Em vésperas
de terminar a legislatura, o normal
será que os deputados diligenciem por levar a bom porto o que, algum dia,
tiveram entre mãos e gostavam de ver concluído.
Contava-me o
Zé, há dias, das trocas de palavras que tinha, amiúde, com a patroa:
– A senhora,
estou eu com as mãos na massa, pede-me com urgência que meta mãos noutra!..
Ocorrem-me,
a este propósito, as passagens de dois livros. Uma é deveras conhecida, d’Os Lusíadas (canto I, estrofe 40):
«E tu, Padre
de grande fortaleza, / Da determinação,
que tens tomada, / Não tornes por detrás, pois é fraqueza / Desistir-se da
cousa começada».
A outra
vem num dos meus livros de cabeceira preferido desde a juventude, de folhas amarelecidas
e amplamente sublinhado ele está, A Arte de Estudar, de Mário Gonçalves
Viana (Editora Educação Nacional, 1943,
p. 178):
«Ao trabalhos
começados e não acabados representam uma tortura, constituem uma espécie de repreensão
constante, de sinal-de-alarme, de remorso vivo!

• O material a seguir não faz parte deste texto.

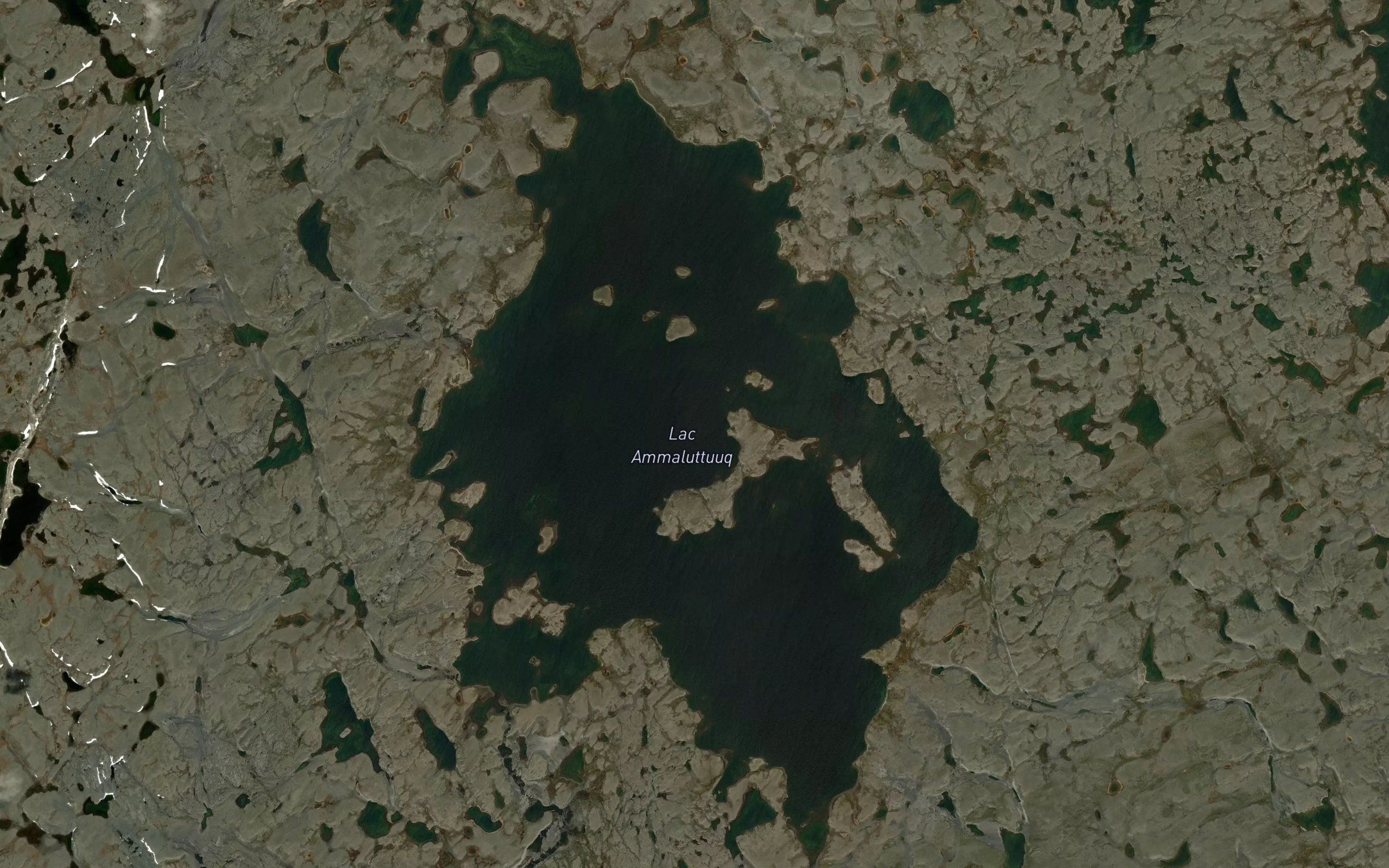 Lac Ammaluttuuq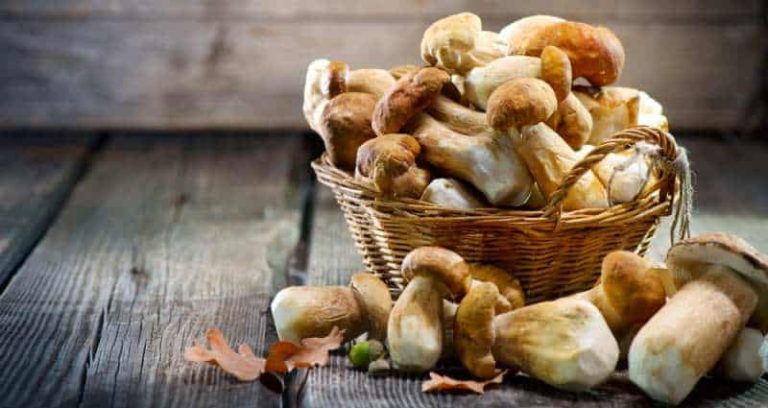 How Long Do Mushrooms Last In The Fridge? - The U.S Kitchen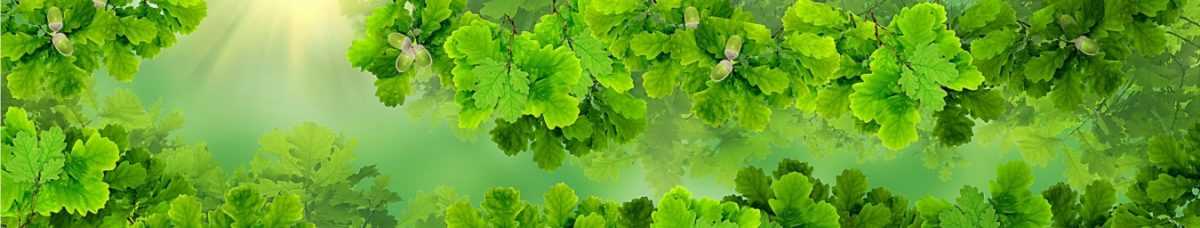 Art. 11789 Risovannye Raznoe 1200x228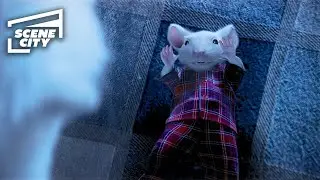 Stuart Receives a Warning from Snowbell | Stuart Little (Michael J. Fox, Hugh Laurie, Nathan Lane)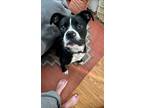 Adopt Tux a Boxer, Labrador Retriever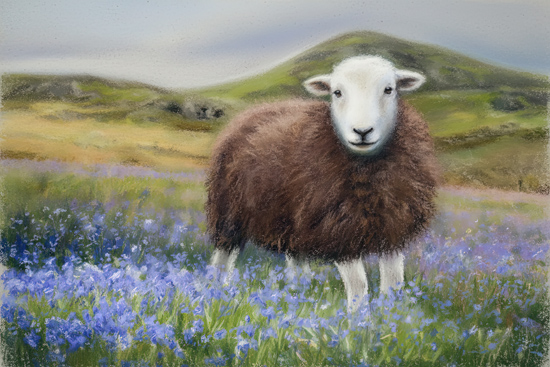 Herdwick Sheep - Herdwick Sheep Art - Art Prints Herdwick Sheep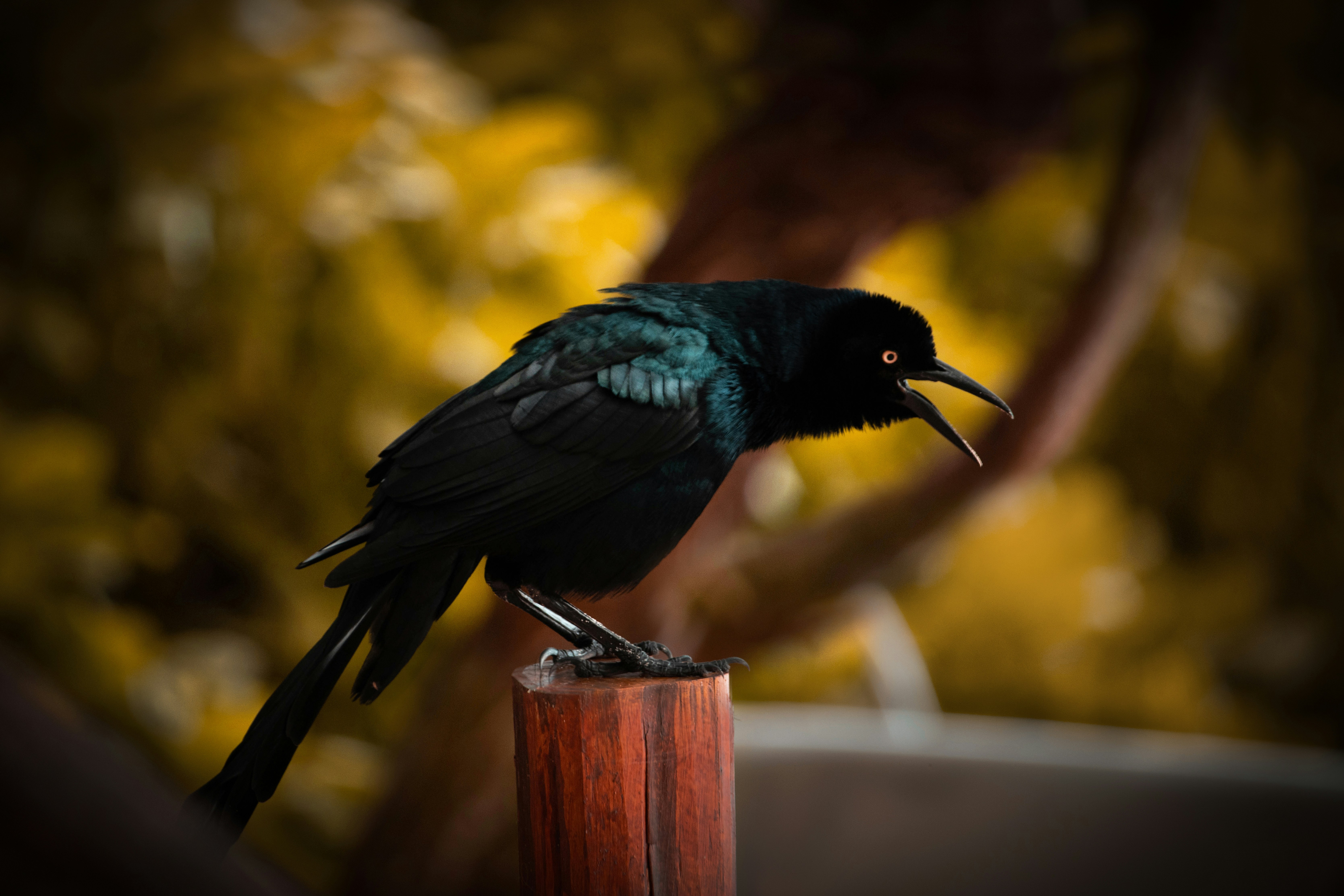 A black bird sitting on top of a wooden post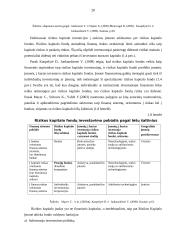 Rizikos kapitalo fondas, kaip alternatyvi verslo finansavimo priemonė 20 puslapis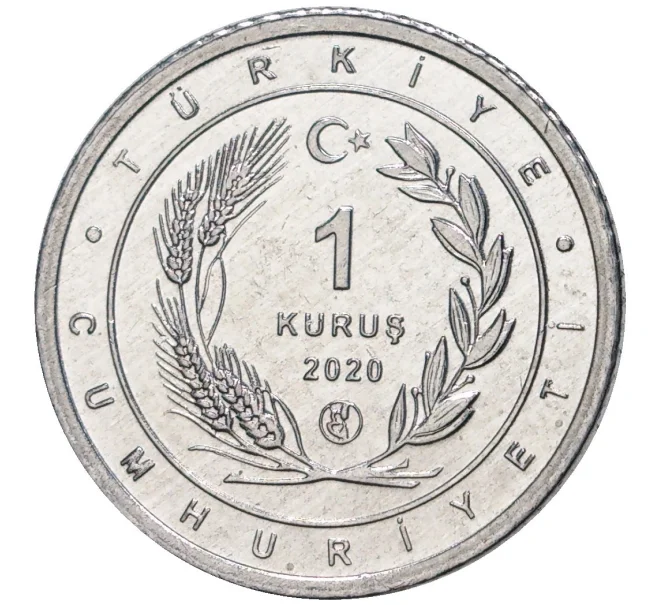 Монета 1 куруш 2020 года Турция «Птицы Анатолии — Пустельга» (Артикул K27-6623)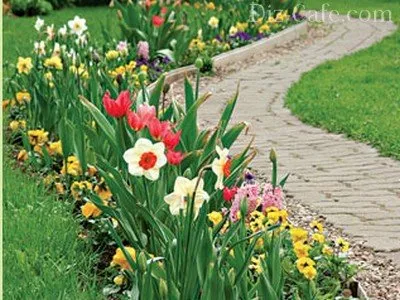 schema mixborder de plante perene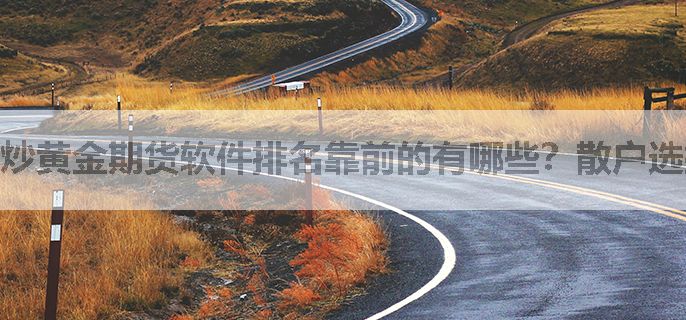 炒黄金期货软件排名靠前的有哪些？散户选择哪家好？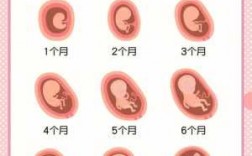 胎儿演变过程（胎儿演变过程图）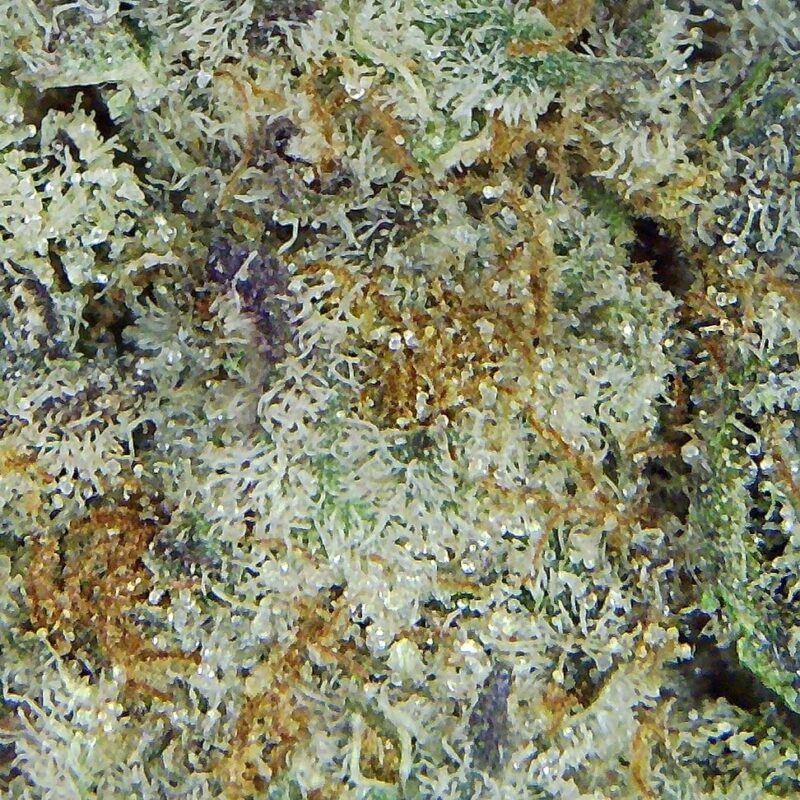 Order Medical Cannabis Online Canada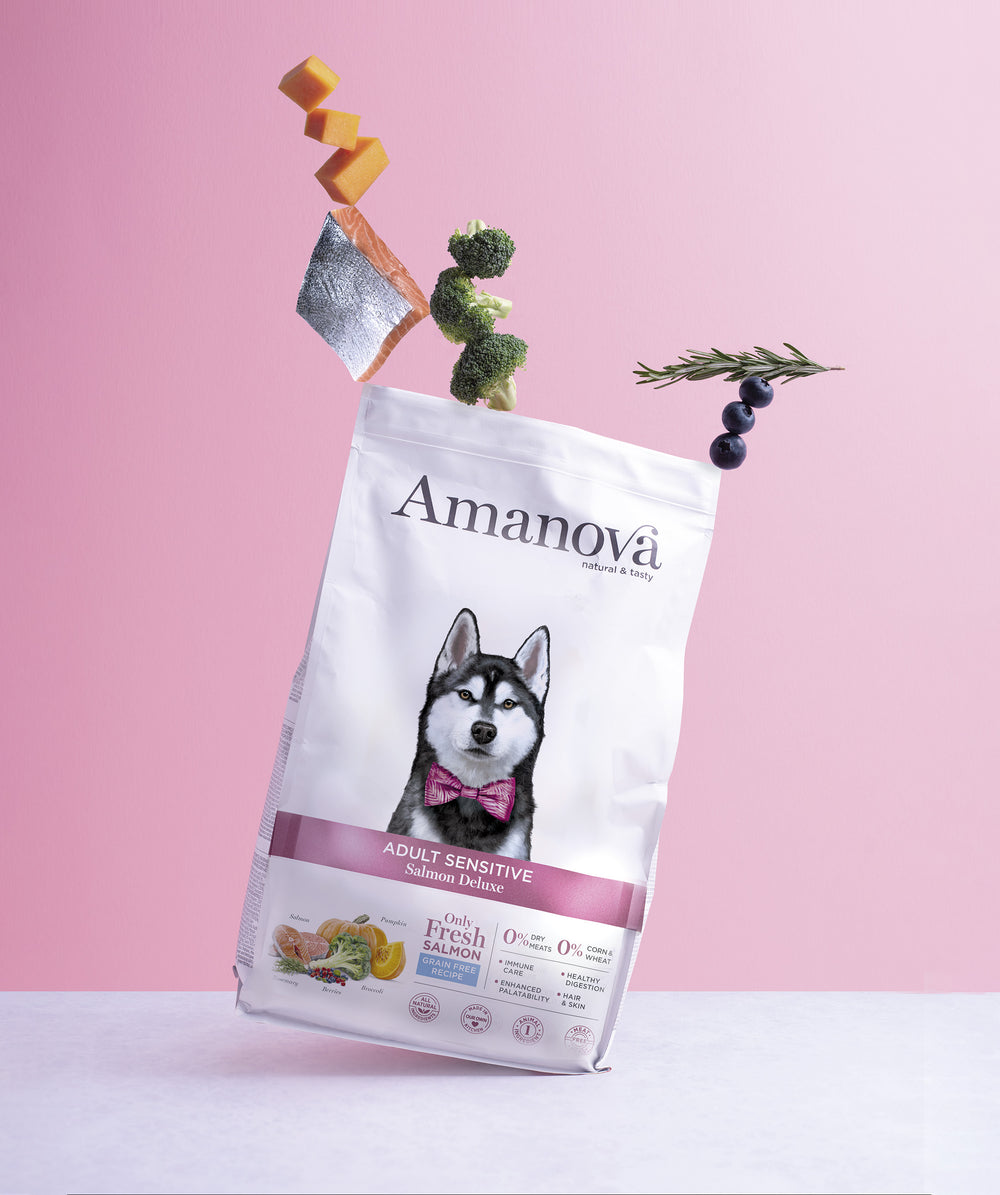 Ushqim për qen, Amanova Adult Sensitive, Salmon, 10 kg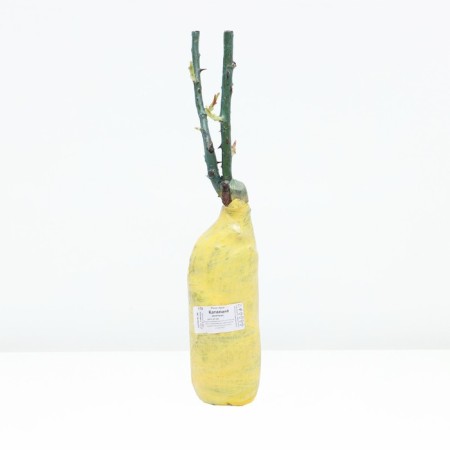 Seedling rose spray "Catalina", tube, 1 pc, spring 2025-2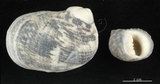 中文名:粗紋蜑螺(002328-00159)學名:Nerita undata Linnaeus, 1758(002328-00159)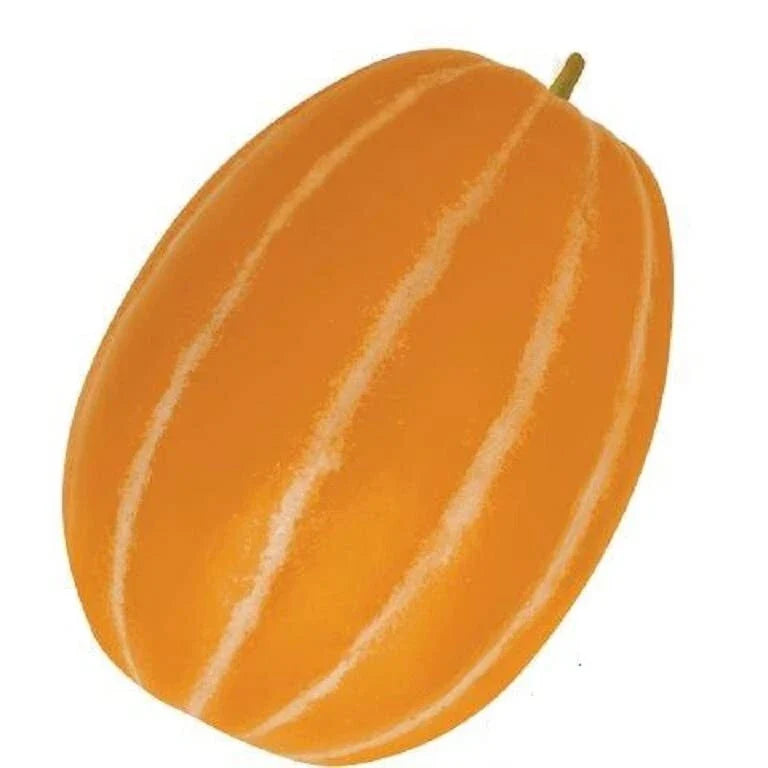 Korean Melon Seeds - 10 Pack - Orange Skinned Dae Jang Geum Cucumis melo var. makuwa for Home Garden & Container Growing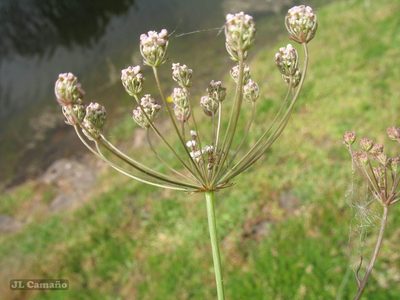 Trocdaris verticillata, photographed by José Luis Camaño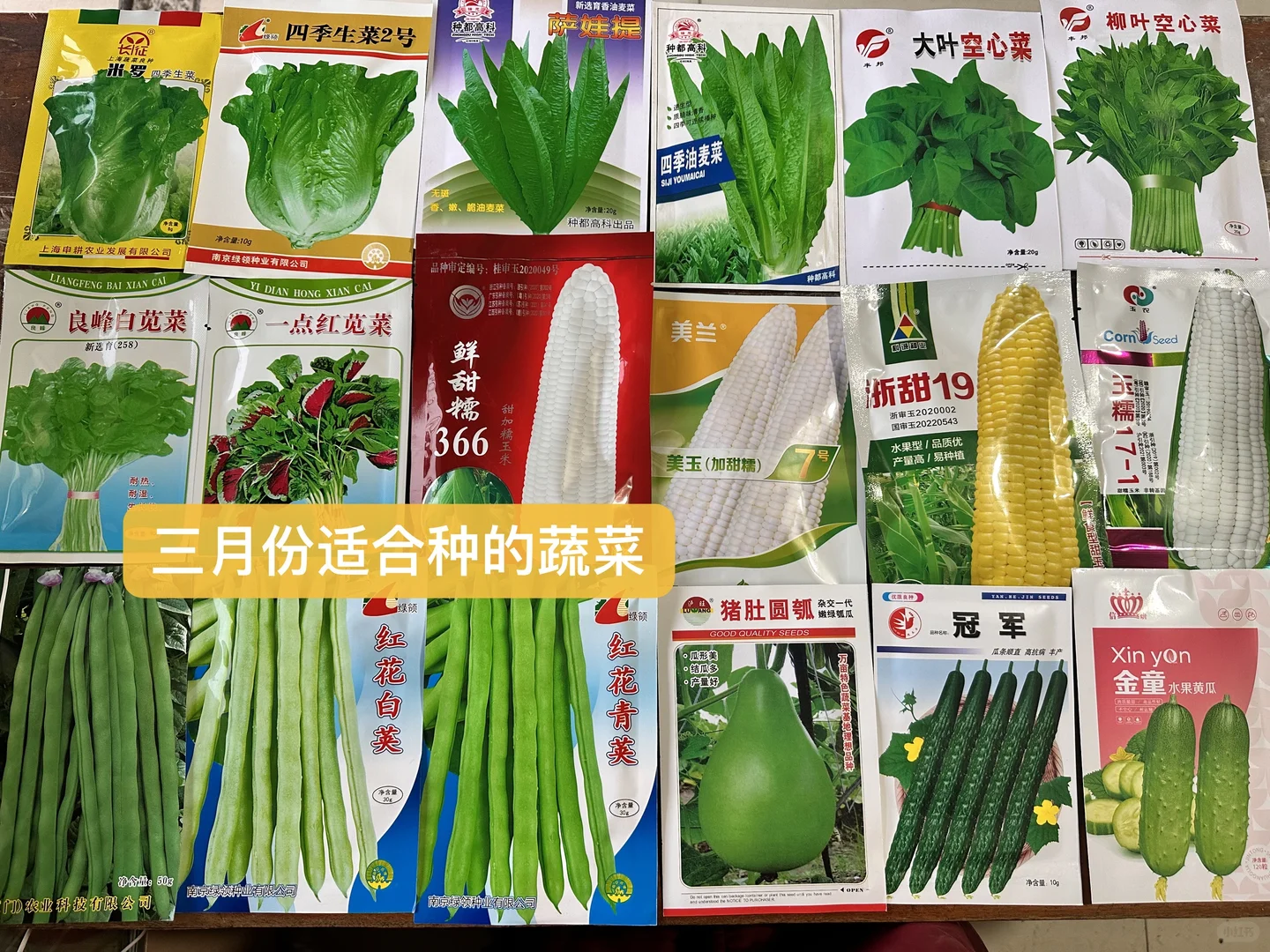 三月份适合种的蔬菜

Michelet confessava a Goncourt
que estes trabalhos iniciados, e não concluídos, lhe produziam não só graves preocupações,
mas terríveis dores de cabeça. A maneira como conseguiu dominar este mal foi
bem simples: habituou-se a fazer incidir o seu pensamento e o seu esforço, de cada
vez, sobre uma só coisa, sobre um único assunto».
Essa frase
põe o acento numa realidade a que, com enorme frequência, se não dá atenção: o tempo
do pensamento.
Pedem-te,
por exemplo, que digas umas palavras no aniversário da colectividade. “Coisa
pouca", dizem-te, “que tu já estás habituado!”. Certo: serão cinco
minutos! Contudo, e os instantes que medeiam entre o momento em que te fazem o
convite e o acto em si? Não te acontece que, de vez em quando, te lembras e
pensas no que será importante dizer? Ou seja, o tempo do pensamento vai ser bem
superior ao dos “escassos" cinco minutos da intervenção
– aspecto que é muito raro ter-se na devida conta.
Portanto,
nunca será de mais batalhar para que, na nossa vida e na da comunidade, as
obras de Santa Engrácia se concluam! Para serenidade de todos!
José d’Encarnação
Publicado
em Renascimento (Mangualde), nº 759, 2019-08-01, p. 11-12.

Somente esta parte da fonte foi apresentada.